There are not many professional companies doing home inspections. The industry is probably split 80/20 — 80% independent guys who used to be contractors and got too old for the physical labor and decided to become inspectors, so they stuck a new sticker on their truck; and 20% big companies like WIN that are more professional and use standard vehicles, systems and branding.
Our professional processes and better software for conducting inspections and providing reports — that’s really our advantage. Home inspectors are kind of like Realtors. There are average Realtors who do three or four deals a year with their friends and family, and there are hungry full-time Realtors who do three or four deals a month. Those folks are professional, and they want to work with professionals. That’s what WIN brings to the table. We are always on time, we look good. Our clients feel like there is a bigger company behind this guy to hold accountable if there’s a problem — it’s not some Joe Blow who could change his phone number and disappear forever. I’d rather work with the professional Realtors who do 30 to 40 deals a year.
WIN also provides great marketing materials, and they have honed the marketing process so you don’t waste a lot of time or money. You can get unfocused: oh man, I need to do a radio spot or buy a billboard. You don’t need to do that, just focus on relationships with Realtors.
What kind of person makes a good WIN home inspector?

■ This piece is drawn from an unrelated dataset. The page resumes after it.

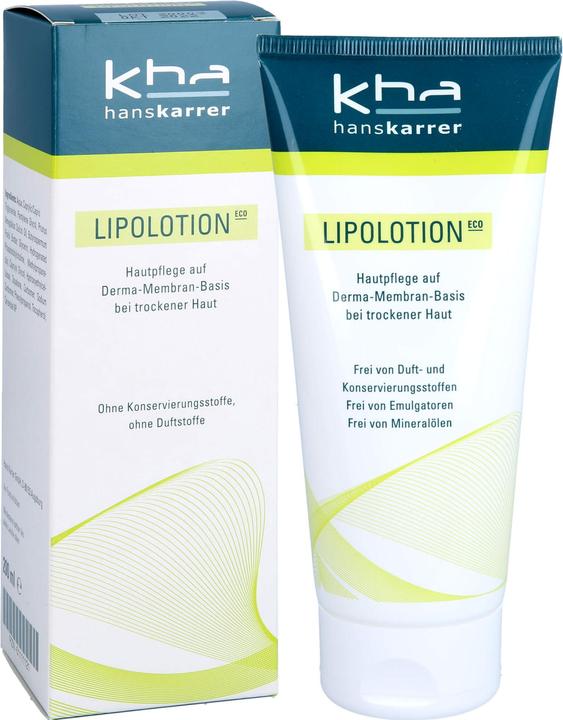 Actual product image Hans Karrer ECO Lipolotion Tube, 200 ml (Body milk, 200 ml)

If you want to be successful, you have to have a personable demeanor, enjoy meeting people and like developing relationships. You also have to like the technical aspects of the job — routines and checking off checklists. To be a good home inspector, you have to be very consistent in how you approach your job. You have to be serious and focused. It can be hard to find someone with those two sides to their personality, they can be technically skilled, but terrible with people, or great with people, but terrible with the details. The first one will never grow a business, the second one can wind up being sued if they’re negligent.
How large is the opportunity?
I’m doing very well, and I only take about 3% of the market share in Greater Nashville, with plenty of room to grow, so there is plenty of opportunity.
What do you like about the business?
Our job is to help protect people from making a bad investment in a home. I enjoy that responsibility. I enjoy being an important person in that person’s life. I enjoy being able to have a flexible schedule. I’m so busy at this point that it’s not as flexible, but I’m still home every day usually at 3. I have hired an office staff to take some of the back office work away from me. When you first start, you’re the office manager, the phone answerer, the inspector and the marketer — it’s definitely a full-time deal. You can’t be a part-time inspector if you want to grow a business.